La dernière grande réforme des CPGE date de 1995-1996, avec notamment la création de la filière PSI et des TIPE (Travaux d'initiative personnelle encadrés). Celle de 2003 n’a été qu’une légère rénovation. Il est normal aujourd’hui de se dire que les jeunes et la société ont changé, et que les attentes des grandes écoles ont évolué. Désormais, il s’agit de mettre en avant non seulement les connaissances mais aussi les compétences des élèves. L’esprit est donc différent et il faut réécrire les programmes de classe prépa en ce sens.
D’autre part, et c’est pour cela qu’il y a urgence, la réforme du lycée a pour conséquence que le bachelier 2013 sera brutalement très différent de celui de 2012. Je ne reviens pas sur le contenu de la réforme, que nous avons sévèrement critiquée, avec d'autres, notamment en raison de la baisse des volumes horaires en première et terminale S . Notre problème aujourd’hui, c’est de savoir ce que nous devons enseigner à ces nouveaux bacheliers qui, si l’on ne modifiait pas les programmes de prépa, seraient complètement perdus.
En effet, dès lors que des notions comme le barycentre, le centre le gravité ou la dérivée d’une composition de fonctions ont disparu des programmes du lycée, faut-il compenser ou abandonner ces compétences perdues ? A l’inverse, les probabilités sont entrées en force ; il paraîtrait logique de les intégrer en prépa scientifique, mais au détriment de quoi ? C’est pour répondre à toutes ces questions que nous avons besoin de réunions pour rénover les programmes. Car nous ne voulons pas un simple toilettage, mais une vraie évolution.
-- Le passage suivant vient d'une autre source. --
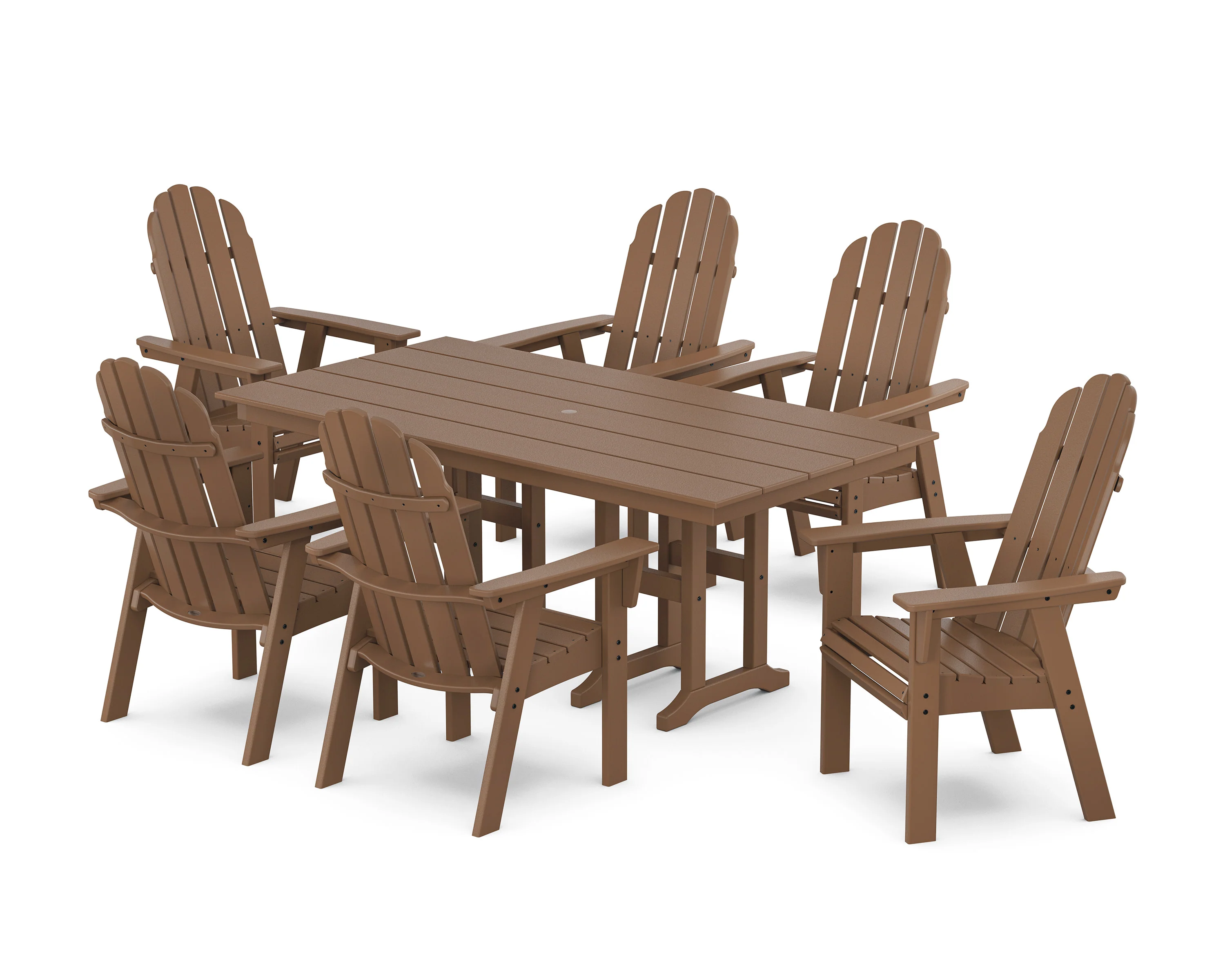 Vineyard Curveback Adirondack Chair 7-Piece Farmhouse Dining Set - Image 8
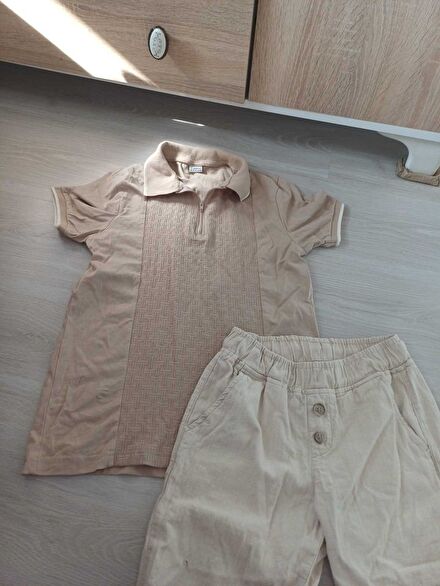 Bej Polo Yaka Tişört ve Şort Takım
Lors de votre dernière assemblée générale, le 2 juin 2012, vous avez dénoncé le retard pris dans le processus de réforme des programmes. Où en êtes-vous aujourd’hui ?

« Les travaux doivent reprendre avant l’été pour que les programmes puissent être finalisés à l’automne »

Les premières réunions au ministère ont eu lieu en janvier 2012, mais elles ont été interrompues en avril en raison de la campagne et des élections présidentielles. Le travail commencé va probablement être poursuivi par le nouveau gouvernement, mais il faut maintenant aller vite ! Pour l’instant, nous avons effectué environ un tiers du travail. Il reste donc beaucoup à faire. Les travaux doivent reprendre avant l’été pour que les programmes puissent être finalisés à l’automne.
En effet, il y a ensuite des délais administratifs nécessaires à la publication des textes. En outre, il faut que les enseignants aient le temps de s’y plonger et éventuellement de se former. Dans le cadre des stages LIESSE (Liaison interdisciplinaire avec les écoles d’enseignement supérieur pour une structuration des échanges), nous allons mettre l’accent, en 2012-2013, sur les points nouveaux des programmes, mais encore faut-il savoir où placer le curseur.

Avez-vous d’ores et déjà quelques pistes ?

Pour garder la confiance des grandes écoles, qui se montrent aujourd’hui satisfaites de nos élèves et dont les exigences restent inchangées, nous souhaitons maintenir le volume horaire en maths, physique et chimie. De plus, nous demandons d’y ajouter une heure d’informatique, matière plus que nécessaire pour de futurs ingénieurs.
D’autre part, nous voulons, comme je le disais, insister sur les compétences des étudiants, mais celles-ci sont peut-être parfois trop redondantes d'une matière à l'autre et l’on pourrait gagner du temps intelligemment en évitant, par exemple, de donner quatre fois les mêmes méthodes de travail. L’idée serait de donner le même socle de compétences à tous les étudiants de classes préparatoires scientifiques puis, selon les filières, de creuser dans une ou deux directions spécifiques, avec une approche plutôt mathématique ou davantage pratique. Loin d’être un système sclérosé, les prépas sont prêtes à changer leurs programmes, leur structure. Mais il faut se remettre au travail rapidement.